I have a few fears. I don't like birds, particularly flocks of them. In fact, I don't really like teems of anything (ants, spiders, flies or any other creepy-crawlers). Clowns, gnomes and porcelain dolls aren't tops on my list, and I can't stand ventriloquist dummies and nutcrackers (there's something about their mouths that make me want to rip out my eyes). My biggest issue, however, might be eyes themselves -- one (like a cyclops) or three or more. (When there's anything with an eye in between a pair of eyes? Thud. I'm dead.) Yes, I'm a weirdo but I have yet to find anything to un-freak me out. And my fear made "Constantine" tough to watch.
First off, the pilot begins with John Constantine (Matt Ryan, "Criminal Minds: Suspect Behavior") in a psychiatric hospital -- so that's never good. Thing is, he's there by his own volition. Constantine is tormented by a dark past, haunted by a girl he couldn't save, thus sentencing his own soul to hell.
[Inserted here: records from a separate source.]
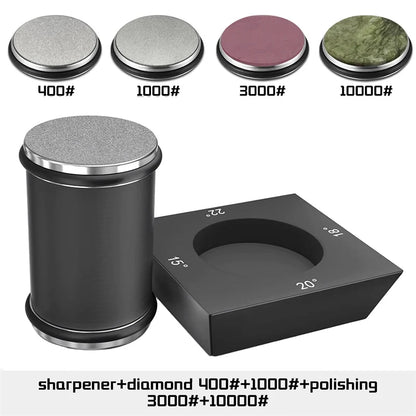 Kit de afilador de cuchillos de 4 ángulos con rodillo de filo recto y piedra de afilar de diamante industrial.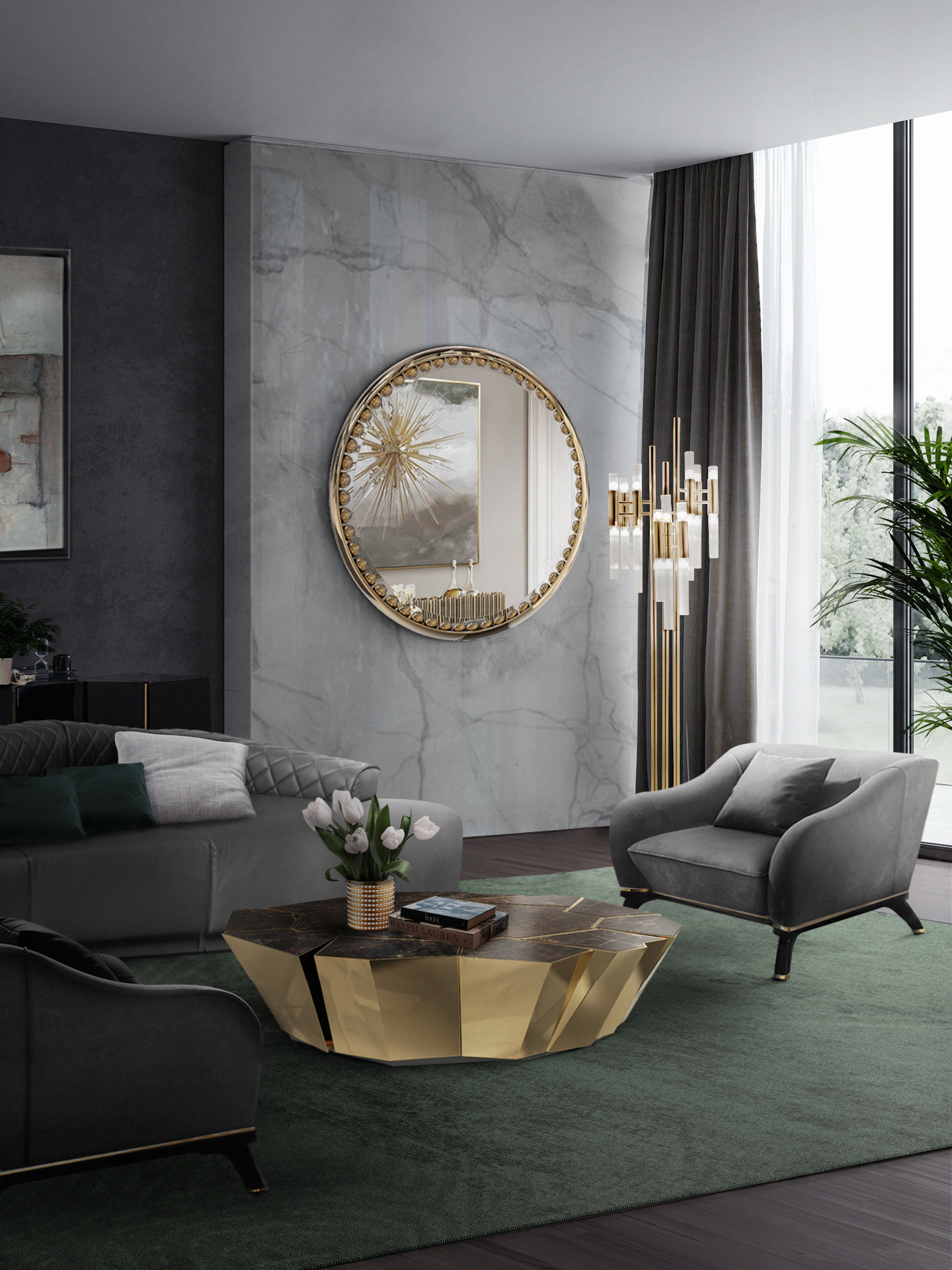 golden center table in greyish living room design
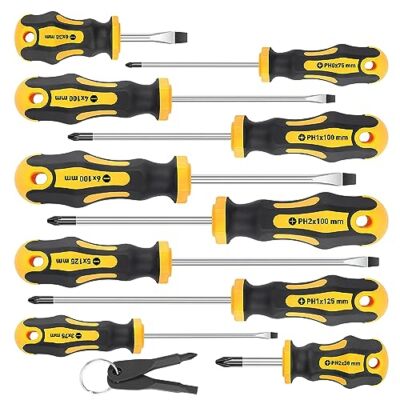 Professional 10-Piece Magnetic Screwdrivers Set with Cushion Grip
But he has one of his demon-saving experiences while in the asylum and winds up back in the game, saving unsuspecting people from evil, dark things.
A few months back, when Ryan was in town for Shaw Media's Fall TV up-front, he pointed out that Constantine doesn't have superpowers, per se; rather, he has abilities, but doesn't always use them to his advantage.
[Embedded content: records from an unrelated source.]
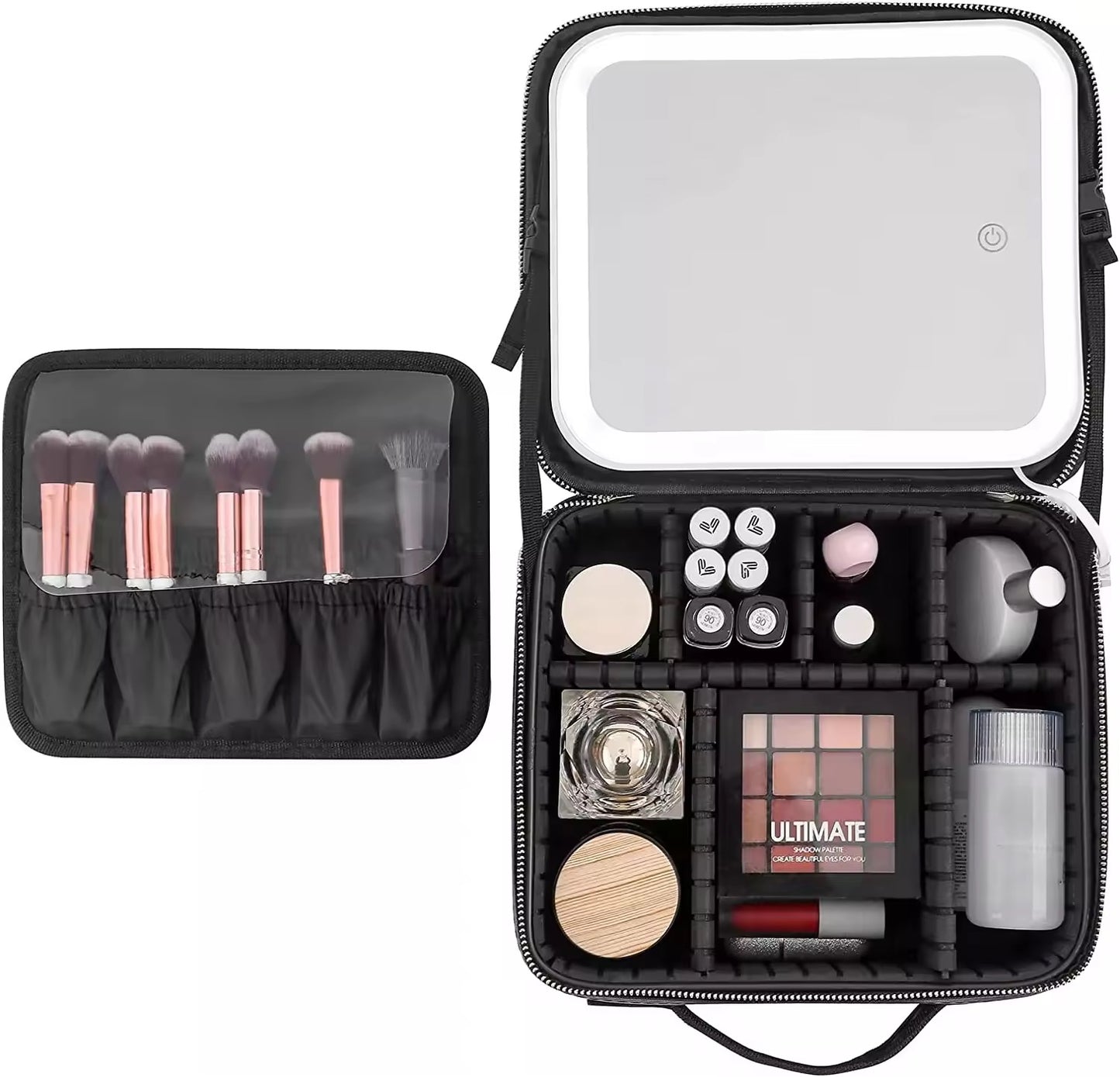 Travel Makeup Bag with LED Mirror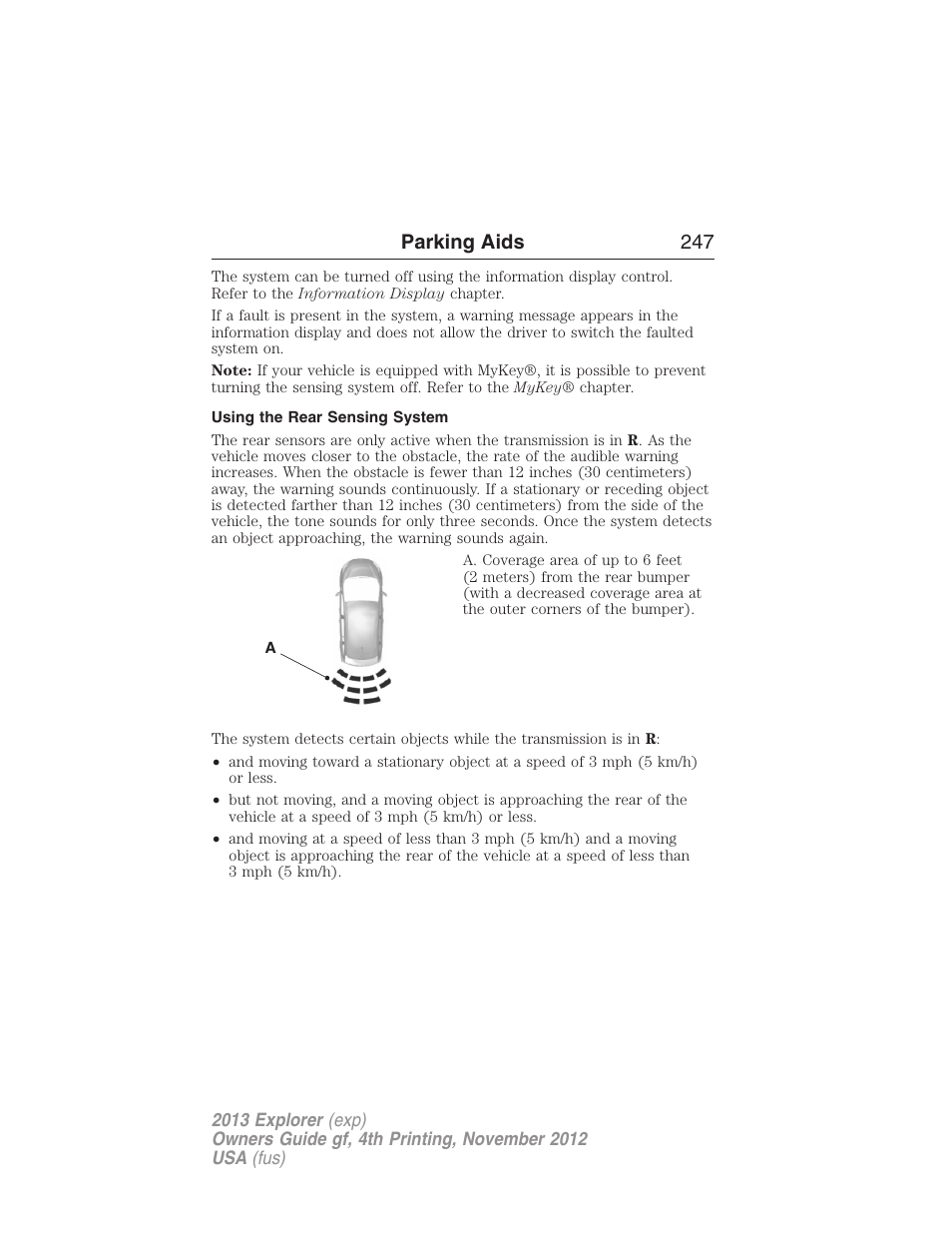 Using the rear sensing system, Parking aids 247 | FORD 2013 Explorer v.4 User Manual | Page 248 / 586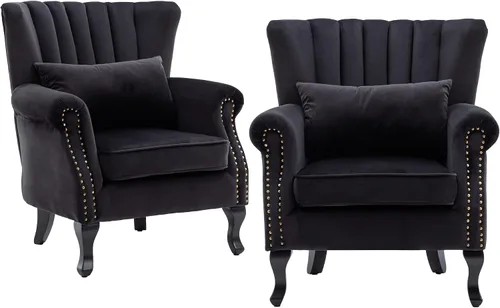 Miniatura 22 de CHAIRUS - Silla decorativa moderna de mediados de siglo con respaldo de canal, cómoda silla de sofá individual, silla con reposabrazos y almohada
"He's a master of the occult, he knows everything about demons, magic, and witches, he knows sorcery and has lots of different spells," Ryan told me. "But what's interesting about him is he doesn't use that stuff much. He uses his wit, his cunning and his prowess, and likes to manipulate people.
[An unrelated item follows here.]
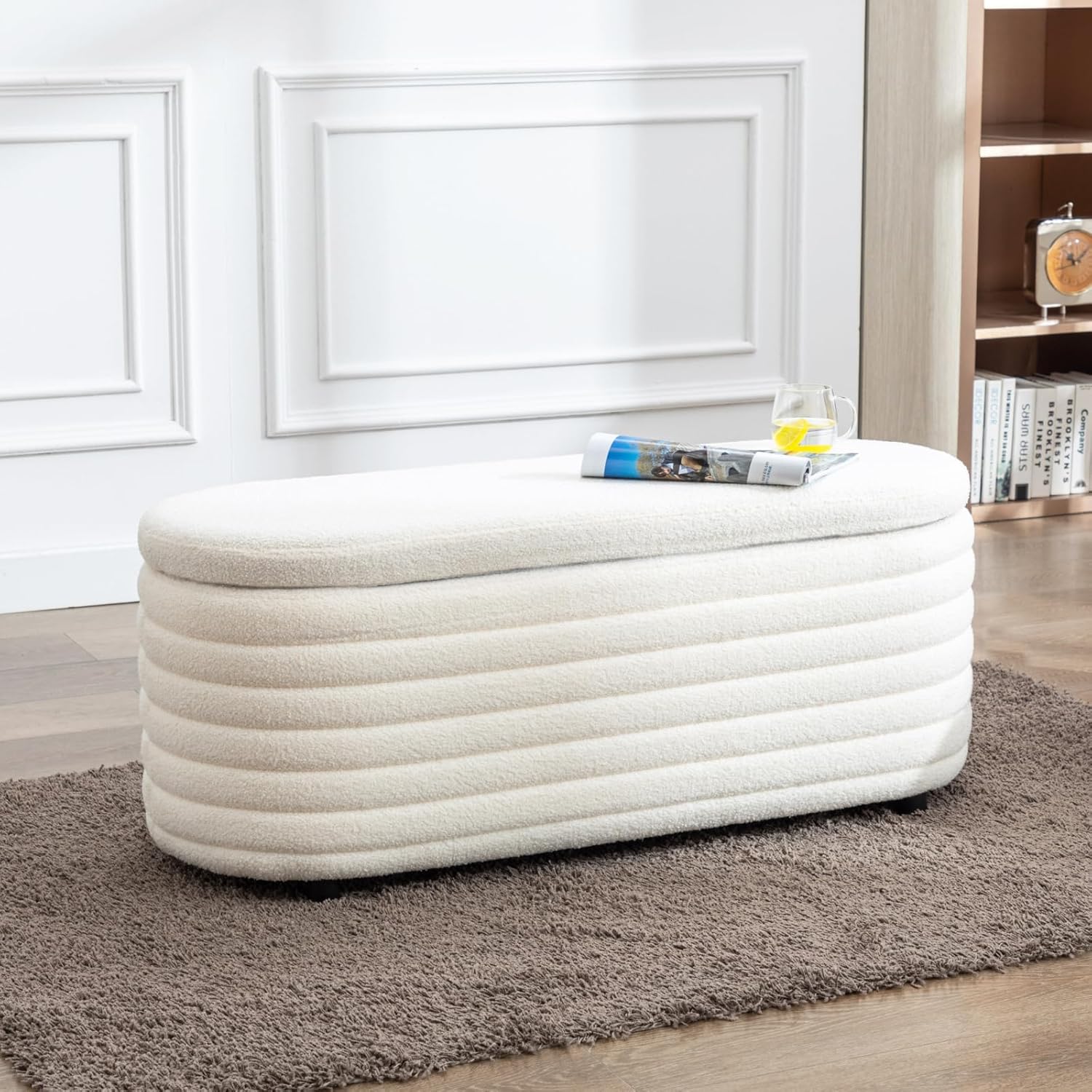 Sitzbank mit Stauraum, Moderne Sitztruhe aus Teddystoff Polsterbank Aufbewahrungsbox für Schlafzimmer, Flur oder Wohnzimmer, Weiß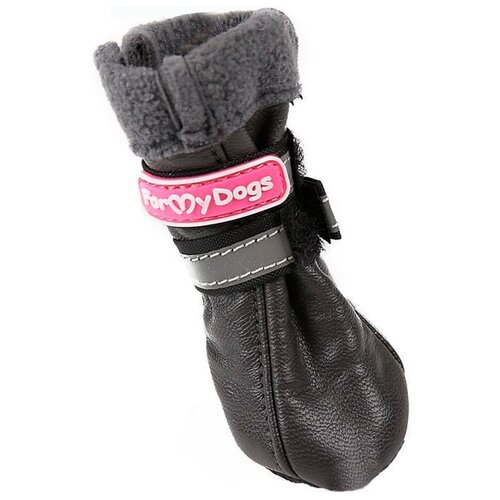 фото For my dogs сапоги для собак кожаные на флисе зимние темно-серые fmd618-2017 d.grey (0) formydogs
"That's the most interesting thing about him," Ryan added. "He's not just someone who uses superpowers; he's somebody who actually uses his human qualities to get what he wants. But he's also someone that will sacrifice anybody to get what he wants."
He admitted that Liv (Lucy Griffiths, "True Blood") "is the actual superhero," but the character is no longer a series regular due to a reported change in the show's creative direction. Griffiths will leave the show early on and while the role won't be recast, a different DC Comics character will replace her: Zed (Angélica Celaya, "Dallas"). And that's fine by me as Griffiths was the pilot's weak link. Of course, we should be thankful for her bringing John back to the land of the living (and the dead) but for the most part, she was unremarkable.
There are other characters in the mix, including an angel (Harold Perrineau, "Lost") who will likely confound you as much as he does John. Constantine also has a comrade in Chas (Charles Halford, "True Detective") and might get the occasional assist from Ritchie (Jeremy Davies, "Lost") but the real star is Ryan. He's scruffy and mouthy, angry and sarcastic, self-deprecating yet cocky, and very, very British; his fan base will easily go from modest to legion-like as the actor is a blast to watch.
"Constantine"'s visual effects are impressive (and I'm not just basing that on the screams I let out during my viewing) and the series looks to balance both the mythology and the creep factor. Some of the sequences are as scary as the ones you might see on "American Horror Story" or "The Walking Dead": pretty impressive for network television. And that leads me back to the eyes issues. They're everywhere (the bad ones, I mean). White eyeballs, Perrineau's yellow contact lenses, the main villain's black pools (which reminded me of The X-Files, shudder) ... it's a freaky-deaky eyeball extravaganza. So if you're cool with that kind of thing, then Constantine is the show for you. If you're like me, why not join me from behind my couch cushion? Because that's where I'll be watching it for the rest of the season.
"Constantine" premieres Friday, October 24 at 10 p.m. ET on Global and NBC.